Acreditando que a música era passível de análise e explicação racional, Mersenne atribuía importância a tal ciência – quando comparada a outras disciplinas – como área de pesquisa científica.
Sob uma ótica matemático-acústico-musical, Mersenne levantou questões cruciais, tais como a paradoxalidade aparente em uma nota vibrar em várias frequências ao mesmo tempo, sugerindo estudos mais criteriosos concernentes aos harmônicos. Embora o matemático francês fosse compositor, ele estabeleceu uma teoria baseada na prática, por exemplo, ao defender e fundamentar um temperamento igual na construção de instrumentos e ao explicar racionalmente as afinações.
A partir de 1630, seus escritores adquirem novas formas e interesses, culminado com a elaboração da Harmonie Universelle em 1636, cuja abordagem teórico-prática abarca relatos de distintos experimentos engenhosos, estudos sobre o som e reflexões concernentes à relação matemática/música que o faz muitas vezes ser considerado o pai da acústica. Variando os comprimentos e tensões, Mersenne verificou que, para frequências visualizáveis, a vibração de um fio esticado era inversamente proporcional ao comprimento da corda se sua tensão fosse constante; diretamente proporcional à raiz quadrada da tensão, se o comprimento da corda fosse constante e inversamente proporcional à raiz quadrada da massa por unidade de comprimento, para fios diferentes de mesmo comprimento e sujeitos à mesma tensão.

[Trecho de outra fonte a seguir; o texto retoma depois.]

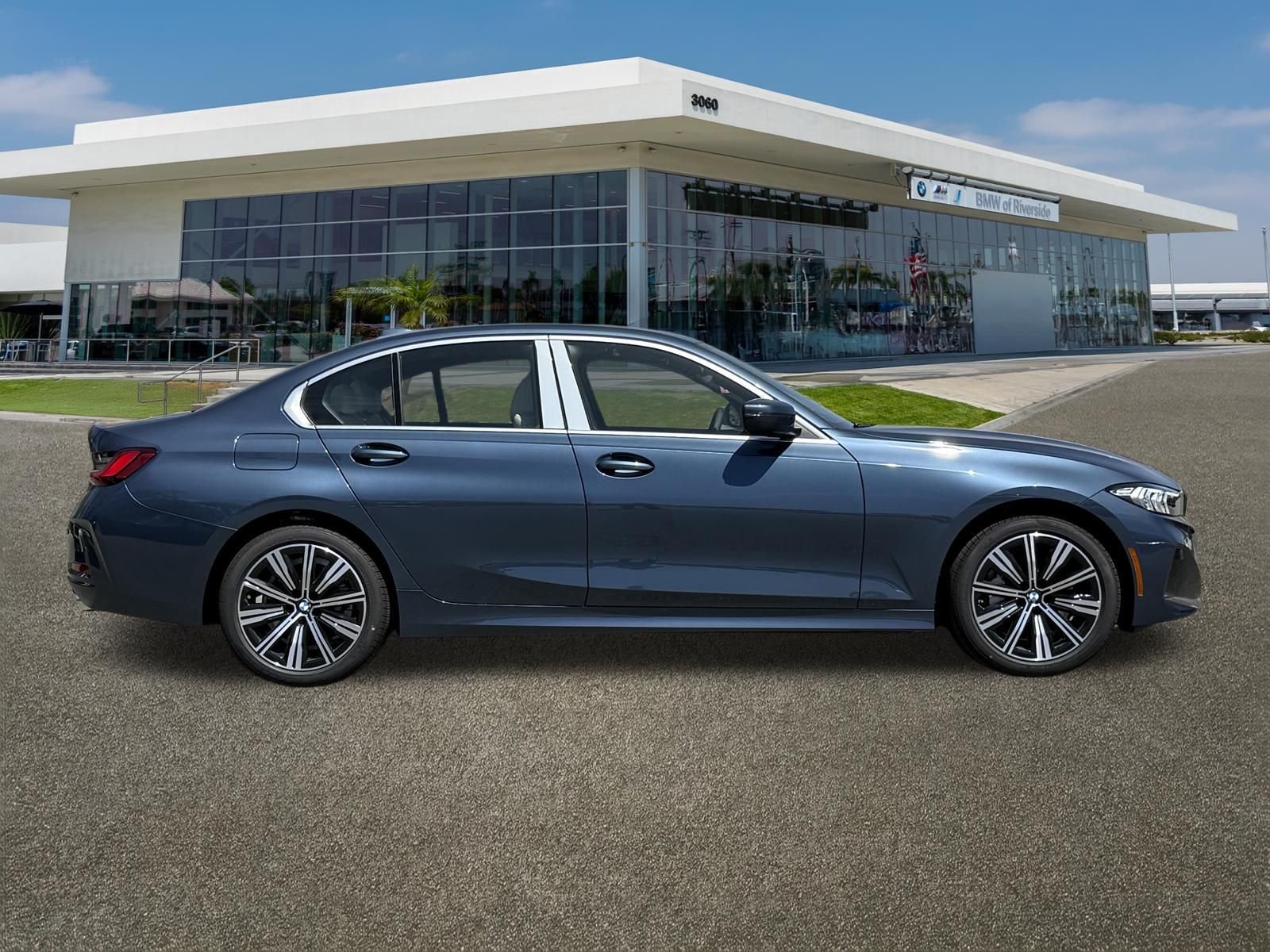 New 2026 Arctic Race Blue Metallic BMW 330i image 12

Para Mersenne, a média aritmética possuía caráter superior a harmônica, pois tomando números proporcionais às vibrações – causas primeiras do som -, a quinta na posição inferior resultava da média aritmética dos números que caracterizam a oitava. Mersenne descobriu, aplicando seus princípios, que a relação da frequência entre uma nota e sua oitava era respectivamente de 1 para 2, explicando ainda as características de colunas vibrantes de ar, bem como os fenômenos do eco e da ressonância. Foi ainda, o primeiro a determinar a frequência de uma nota musical estabelecida, bem como a velocidade de propagação do som no ar.
Mersenne considerava o monocórdio como suporte fundamental à compreensão não somente dos instrumentos de corda, mas de toda ciência musical, revela certa preocupação com o Temperamento quando divide a oitava em 12 iguais, obtendo nesse último caso o monocórdio harmônico da igualdade composto por 11 números irracionais resultantes de médias proporcionais.

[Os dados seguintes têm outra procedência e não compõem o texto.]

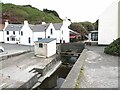 Stream mouth at Pennan village in AB43 6HY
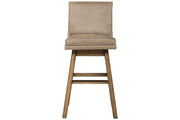 Tallenger Beige Bar Height Bar Stool (Set of 2) - Gate FurnitureBarstool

4.3. Kepler e a música dos planetas
Matemático, astrônomo e filósofo nascido em Weil, Johannes Kepler (1571-1630) apresentou, fortes subsídios para a ciência musical. Em 1601, Kepler assumiu seu posto trabalhando na organização de calendários e na predição de eclipses como matemático e astrônomo da corte do imperador Rudolfo II em Praga até 1612, estabelecendo-se mais tarde em Linz, onde concluiu e publicou seu Harmonices Mundi em 1619. Principal contribuição do astrônomo alemão à teoria musical, essa obra compõe-se de 5 livros – os dois primeiros relacionam a origem das 7 harmonias com arquétipos inerentes à geometria e a Deus; o livro 3 apresenta um tratado sobre consonância e dissonância, intervalos, modos, melodia e notação; o livro 4 discorre sobre astrologia enquanto que o volume 5 aborda a Harmonia das Esferas.
Kepler julgou insatisfatória a experiência de Pitágoras com o monocórdio para o estabelecimento de intervalos consonantes. Acredita que possivelmente tal postura teria levado os pitagóricos à desconsideração dos intervalos de terças e sextas com consonâncias, reproduzindo o experimento do monocórdio com um maior número de repartições da corda.

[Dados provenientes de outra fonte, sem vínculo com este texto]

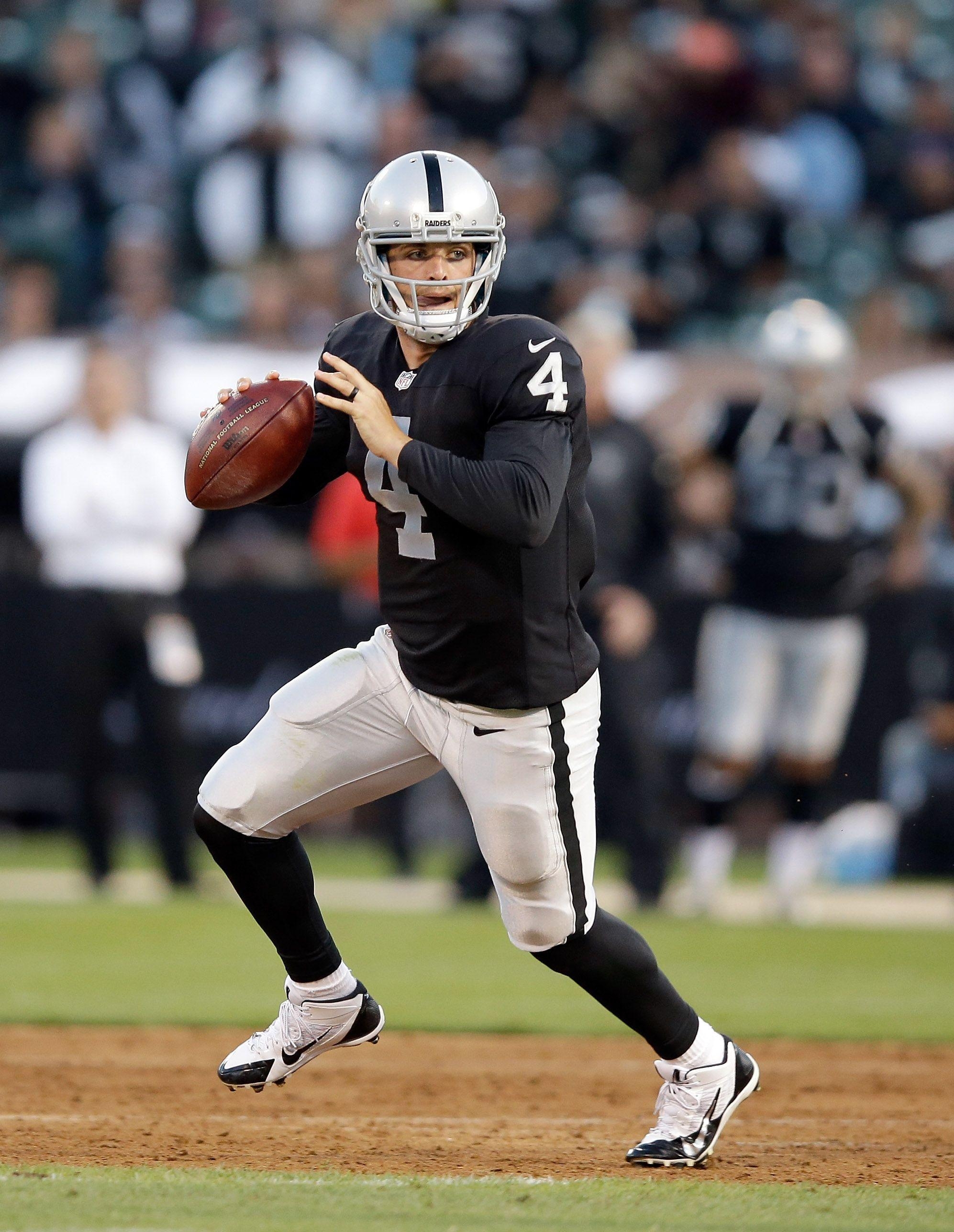 2000x2580 Oakland Raiders Rumors: Derek Carr Named Starting Quarterback, Phone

Defendia a existência, conhecia desde os antigos, de escalas musicais peculiares a cada planeta, que soavam como se estes cantassem simples melodias, relacionando para isso velocidades dos planetas às frequências emitidas. Considerava os movimentos dos planetas uma música que traduzia a perfeição divina. Assim tentou explicar a variação de velocidade de um planeta por uma metáfora musical. Admitindo que movimentos rápidos e lentos associavam-se respectivamente a notas agudas e graves em sua construção imaginativa, o astrônomo alemão considerou que a razão das velocidades extremas determinaria um intervalo musical representante do planeta referido.
Conhecia ainda as leis de harmonia concernentes à relação entre intervalos musicais e comprimentos de cordas, bem como a lei fundamental dos harmônicos. Considerada por Kepler, tal lei afirmava que além de emitir um som fundamental, uma corda oscilante fornecia harmônicos superiores, correspondentes aos sons fundamentais das cordas de duas vezes, três vezes, etc mais curtas que a corda inicial.
O pensador alemão conecta ainda a matemática com a música ao estabelecer correspondências entre as distâncias médias dos planetas ao Sol e as razões de frequências numa escala musical diatônica em relação ao primeiro grau.